How To Go Non-Toxic When Cleaning Your Home

Common household cleaners that are sold to consumers today are largely harmful to your health, and can be potentially deadly to children and pets if ingested . The runoff from these cleaners pollutes and degrades the environment. Yet with all of the focus on “green” initiatives in San Francisco, little attention is being paid to going non-toxic while cleaning your home. Making your own non-toxic cleaners at home out of basic ingredients found in most supermarkets is simple, inexpensive and will make your home significantly healthier for you and your family.

Perhaps the most disturbing fact about standard cleaning products is that most of them can be harmful during use, even when the application directions are followed exactly. Labels only tell you if the ingredients are poisonous, flammable, caustic or irritating. Danger from long-term inhalation and skin exposure, the most common methods of exposure for consumers, are very rarely mentioned.

Chances are you know how bleach smells. Yet it is important to remember that any time you inhale toxic fumes the toxicants go directly into the bloodstream and travel to organs such as the brain, heart, liver and kidneys. Immediate effects can include headaches, muscle aches and lightheadedness. The consequences of many repeated exposures ti small amounts of chemicals over a long period of time, cancer, birth defects and genetic changes, may not show up for years.

The mixing of cleaners is particularly dangerous.

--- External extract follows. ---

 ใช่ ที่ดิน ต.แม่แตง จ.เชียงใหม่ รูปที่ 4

When mixing ammonia (a common ingredient found in products such as all-purpose cleaners) with bleach, toxic chloramines gas is released. This gas is similar to the poisonous gas used in World War I. Many individuals use all-purpose cleaners for their shower walls and bleach for their tubs, inadvertently creating a gaseous enclosure while cleaning their bathrooms.

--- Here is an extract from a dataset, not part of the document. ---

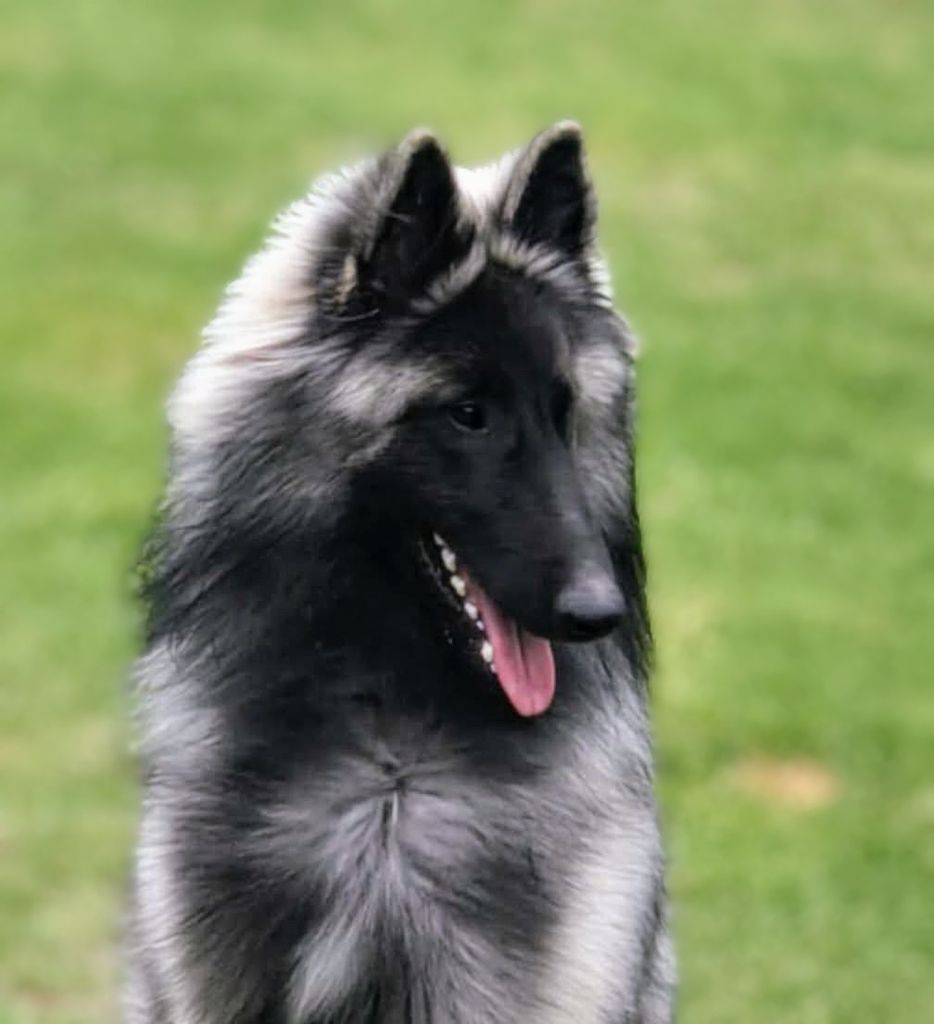 Belgian Shepherd - The Breed Archive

Many of the “green” cleaners on the market are socially responsible, but are priced much higher than their non-green alternatives. “Making your own” is much more financially efficient and quire simple to carry out.

The following are a few simple recipes for making household cleaners:

All Purpose Cleaner:

Add 1 tablespoon of liquid soap (castile soap is preferable), ½ cup of vinegar, 2 teaspoons of borax, 15-20 drops of essential oil and hot water into a sprayer and mix until ingredients are dissolved.

Window Cleaner:

Fill a spray bottle with club soda and add 15-20 drops of essential oil for a fresh smell.

Tub and Tile Cleaner:

Rub baking soda using a damp sponge and rinse. For tougher jobs wipe surfaces with vinegar first. (Note – vinegar can break down tile grout).

Air Freshener:

Fill a mist sprayer with vinegar and add 20 drops of essential oil. Will absorb odors as well as leave a pleasant smell.

Furniture Polish:

Add 2 teaspoons of olive oil, 15-20 drops of essential oil, ¼ cup of white distilled vinegar and hot water to a spray bottle.

Not only will switching to a non-toxic cleaning lineup create a healthier living space for you and your family, it will also significantly reduce the toxins entering our outside environment. Encourage friends and families to make the switch and together we can continue San Francisco’s tradition of being at the forefront of sustainability.